Extrait de l'arrêt n° 80/2004 du 12 mai 2004 Numéro du rôle : 2639 En cause : le recours en annulation du décret de la Région flamande du 19 juillet 2002 modifiant la loi du 21 avril 1965 portant statut des agences de voyages, introduit par l'a.s.b.l. Vereniging van Vlaamse reisbureaus et autres.

La Cour d'arbitrage, composée des présidents A. Arts et M. Melchior, et des juges L. François, M. Bossuyt, A. Alen, J.-P. Snappe et E. Derycke, assistée du greffier P.-Y. Dutilleux, présidée par le président A. Arts, après en avoir délibéré, rend l'arrêt suivant : I. Objet du recours et procédure Par requête adressée à la Cour par lettre recommandée à la poste le 26 février 2003 et parvenue au greffe le 27 février 2003, un recours en annulation du décret de la Région flamande du 19 juillet 2002 modifiant la loi du 21 avril 1965 portant statut des agences de voyages (publié au Moniteur belge du 27 août 2002) a été introduit par l'a.s.b.l. Vereniging van Vlaamse reisbureaus, dont le siège social est établi à 8210 Zedelgem, Emmaüsdreef 4, la s.a. Belfort Reizen-Travel, dont le siège social est établi à 8200 Bruges (Sint-Andries), Torhoutsesteenweg 315, et la s.p.r.l.

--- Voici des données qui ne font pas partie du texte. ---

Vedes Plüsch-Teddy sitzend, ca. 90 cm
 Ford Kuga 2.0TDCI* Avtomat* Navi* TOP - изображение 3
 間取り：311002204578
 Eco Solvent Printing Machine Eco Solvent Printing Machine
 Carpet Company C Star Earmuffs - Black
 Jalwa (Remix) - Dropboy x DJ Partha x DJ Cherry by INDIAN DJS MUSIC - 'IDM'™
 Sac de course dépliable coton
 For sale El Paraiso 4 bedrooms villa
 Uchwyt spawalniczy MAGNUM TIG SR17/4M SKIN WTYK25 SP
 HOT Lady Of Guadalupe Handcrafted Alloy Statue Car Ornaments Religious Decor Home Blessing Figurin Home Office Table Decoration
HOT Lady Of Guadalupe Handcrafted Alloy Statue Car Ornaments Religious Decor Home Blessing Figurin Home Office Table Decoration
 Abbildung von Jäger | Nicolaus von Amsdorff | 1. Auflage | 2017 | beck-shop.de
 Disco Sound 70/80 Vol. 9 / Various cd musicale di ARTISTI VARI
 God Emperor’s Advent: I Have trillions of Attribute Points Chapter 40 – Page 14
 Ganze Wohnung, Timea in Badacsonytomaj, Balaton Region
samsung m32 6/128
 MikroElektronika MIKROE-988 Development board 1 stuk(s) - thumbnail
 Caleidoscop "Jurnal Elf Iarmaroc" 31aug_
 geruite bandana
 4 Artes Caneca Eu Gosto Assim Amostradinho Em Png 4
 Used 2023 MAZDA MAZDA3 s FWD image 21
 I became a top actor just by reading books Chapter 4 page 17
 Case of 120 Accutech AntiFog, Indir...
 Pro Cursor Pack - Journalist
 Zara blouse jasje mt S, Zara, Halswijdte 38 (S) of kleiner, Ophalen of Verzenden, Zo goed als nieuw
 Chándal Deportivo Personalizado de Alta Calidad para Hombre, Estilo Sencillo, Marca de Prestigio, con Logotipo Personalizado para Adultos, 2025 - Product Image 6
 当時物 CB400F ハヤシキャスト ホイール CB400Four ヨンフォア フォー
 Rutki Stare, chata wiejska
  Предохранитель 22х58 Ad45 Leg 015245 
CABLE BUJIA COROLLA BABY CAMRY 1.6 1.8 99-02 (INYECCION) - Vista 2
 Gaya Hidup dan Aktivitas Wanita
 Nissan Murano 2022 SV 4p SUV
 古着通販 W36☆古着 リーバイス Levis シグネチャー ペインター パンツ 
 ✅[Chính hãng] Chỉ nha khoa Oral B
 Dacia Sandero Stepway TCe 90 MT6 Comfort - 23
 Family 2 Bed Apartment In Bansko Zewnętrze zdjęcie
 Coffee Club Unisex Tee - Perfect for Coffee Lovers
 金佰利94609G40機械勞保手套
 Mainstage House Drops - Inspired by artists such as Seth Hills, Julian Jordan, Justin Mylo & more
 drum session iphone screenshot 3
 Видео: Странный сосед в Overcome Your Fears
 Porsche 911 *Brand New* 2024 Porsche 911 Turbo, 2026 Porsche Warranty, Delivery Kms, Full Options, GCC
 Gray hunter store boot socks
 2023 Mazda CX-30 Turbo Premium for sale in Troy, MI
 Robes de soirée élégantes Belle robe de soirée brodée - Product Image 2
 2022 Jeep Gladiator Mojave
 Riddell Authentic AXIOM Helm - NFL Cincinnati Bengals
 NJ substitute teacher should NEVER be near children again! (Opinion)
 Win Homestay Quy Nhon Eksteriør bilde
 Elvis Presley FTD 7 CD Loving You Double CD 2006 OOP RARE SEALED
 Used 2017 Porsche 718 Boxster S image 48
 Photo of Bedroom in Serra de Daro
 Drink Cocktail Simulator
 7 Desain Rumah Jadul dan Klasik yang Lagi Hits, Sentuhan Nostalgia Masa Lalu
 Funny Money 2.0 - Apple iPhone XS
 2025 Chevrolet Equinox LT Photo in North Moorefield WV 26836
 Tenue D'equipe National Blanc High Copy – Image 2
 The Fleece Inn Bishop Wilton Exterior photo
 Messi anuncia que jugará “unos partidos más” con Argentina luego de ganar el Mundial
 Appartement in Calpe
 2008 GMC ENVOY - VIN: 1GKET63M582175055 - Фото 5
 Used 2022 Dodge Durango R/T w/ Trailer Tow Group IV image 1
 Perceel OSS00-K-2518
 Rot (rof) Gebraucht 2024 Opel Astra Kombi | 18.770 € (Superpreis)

Penta Reizen, dont le siège social est établi à 8870 Izegem, Nieuwstraat 7. (...) II. En droit (...) B.1. Le recours en annulation est dirigé contre le décret de la Région flamande du 19 juillet 2002 modifiant la loi du 21 avril 1965 portant statut des agences de voyages (publié au Moniteur belge du 27 août 2002), en particulier contre l'article 2 dudit décret. Ce décret insère, à dater de la publication au Moniteur belge , pour la Région flamande, un paragraphe 4 et un paragraphe 5 dans l'article 1er de la loi du 21 avril 1965 portant statut des agences de voyages.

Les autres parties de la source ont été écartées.